Labour is still struggling to put its house in order
Published: 11 March 2010
IN the pre-election warm-up Labour boasts of its belief in a flowing fiscal policy.
This is not the time for non-stop conveyor-belt cutbacks in public sector expenditure, say Labour – a balance is needed between selected cuts and planned injections of cash into targeted wings of the economy.
Meanwhile, Labour accuse the Tories of planning to cut too deeply and too wildly.
If the government had applied its present policy to the public housing sector – as it had been urged to do in the past three years by economists, pundits and to a large extent by Lib Dem economic “guru” Vince Cable as well as by this newspaper – the property market wouldn’t be in the crisis it is.
If local authorities had been given sufficient funds to build homes as well as refurbish existing estates, the construction industry would have been given a significant boost, fringe industries would have benefited and there would have been less unemployment.

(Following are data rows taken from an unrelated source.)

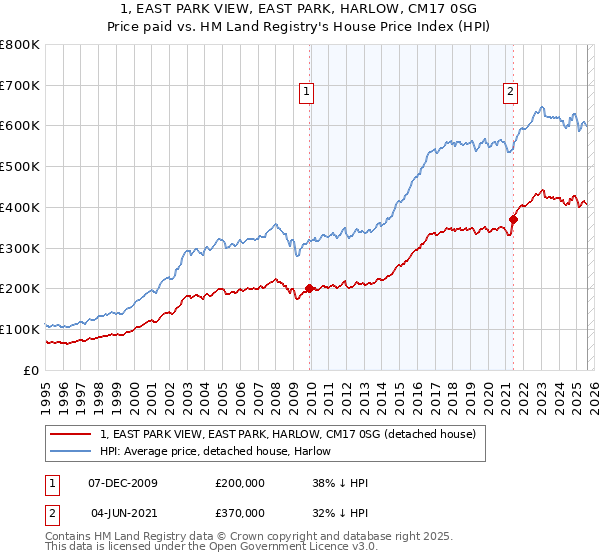 1, EAST PARK VIEW, EAST PARK, HARLOW, CM17 0SG: Price paid vs HM Land Registry's House Price Index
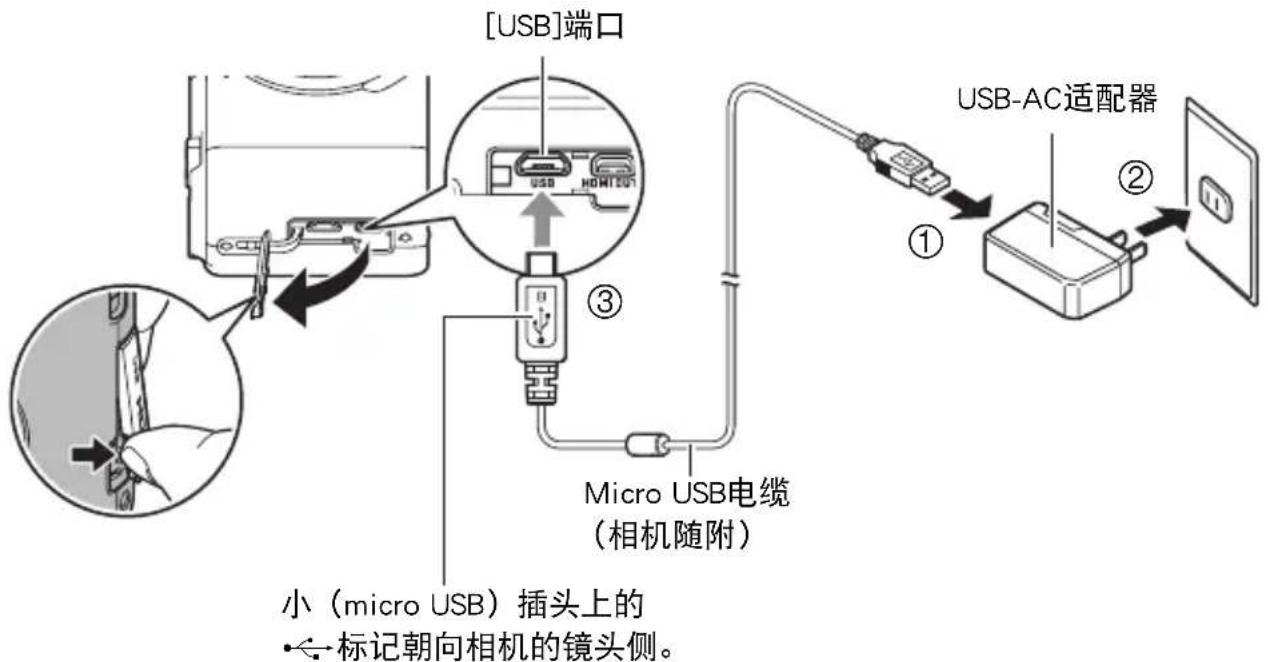 [USB]端口 Micro USB电缆 (相机随附) USB-AC适配器 ① ② 小（micro USB）插头上的 ←标记朝向相机的镜头侧。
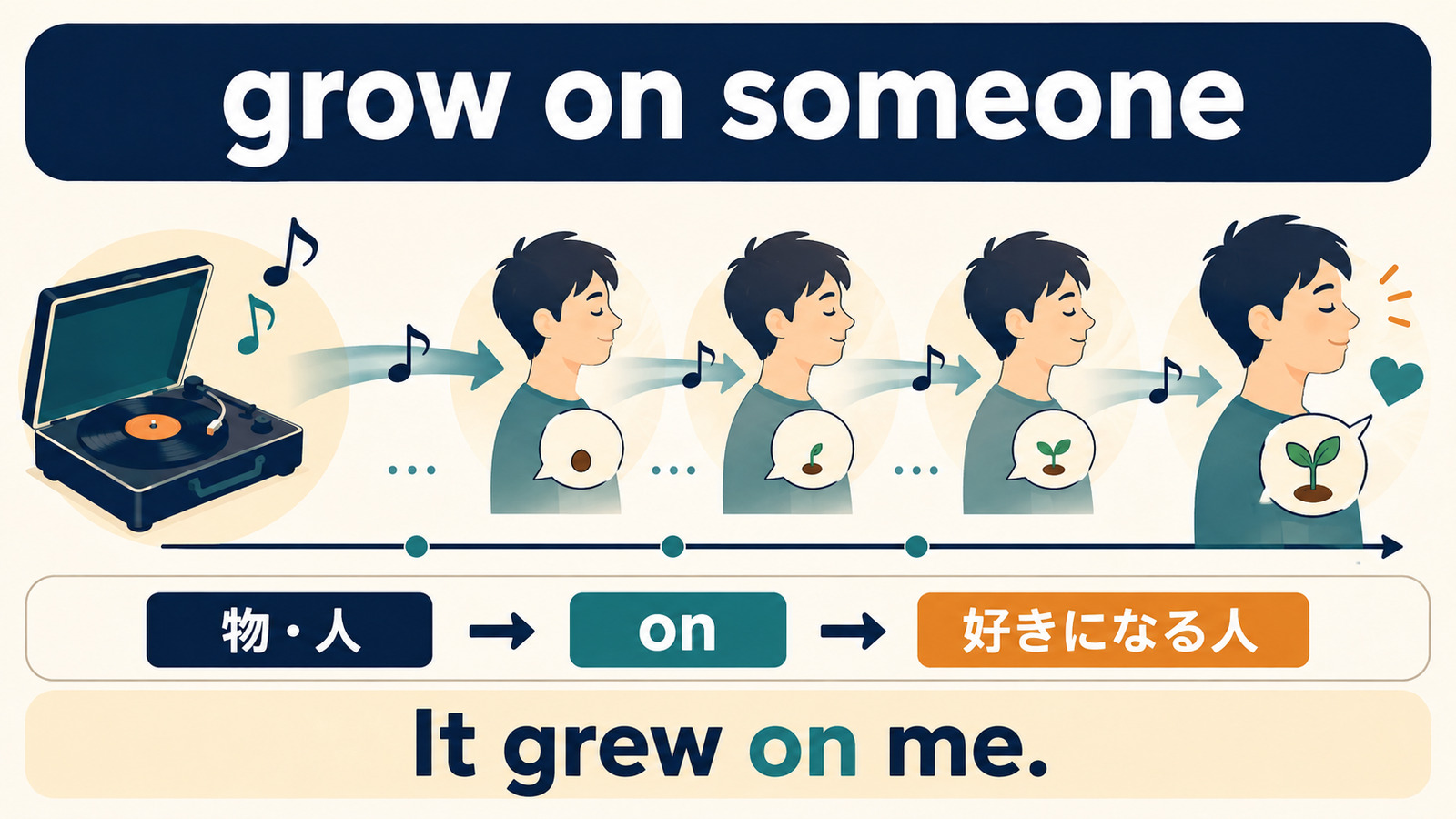 grow on someoneは対象が主語で好きになる人をonの後ろに置く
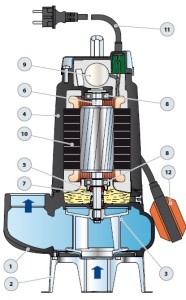 waste water pumps Pedrollo MC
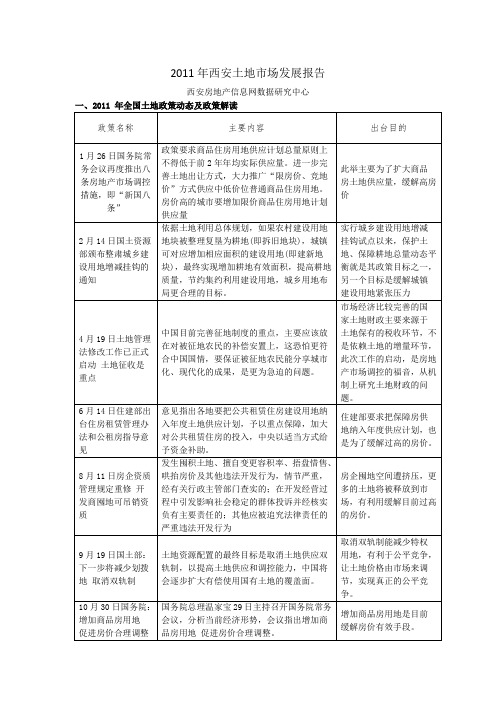 2011年西安土地市场发展报告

In its pre-electioneering frenzy, has Labour become a late convert?
More likely, the Chancellor simply wants to spend money in certain fields but, perversely, shows all the signs of keeping the blinds pulled down on housing.
Frustrated, the Camden Tory-Lib Dem coalitionists say they had no choice than to sell-off properties to pay for renewal of estates.
Opponents say that if they had organised a strenuous public campaign, a government, weakened by unpopularity, may have made concessions.
There is a “maybe” here.
All evidence says direct public investment in housing remains anathema to the government. Ideologically, we believe this is still an investment too far for Gordon Brown. Complexities enshroud this debate. Finance chief councillor Ralph Scott tried to break through them on Saturday but not successfully.
The fact is that while, nationally, the Lib Dems’ economic policy makes more sense than the Tories, it is hardly an improvement on Labour’s.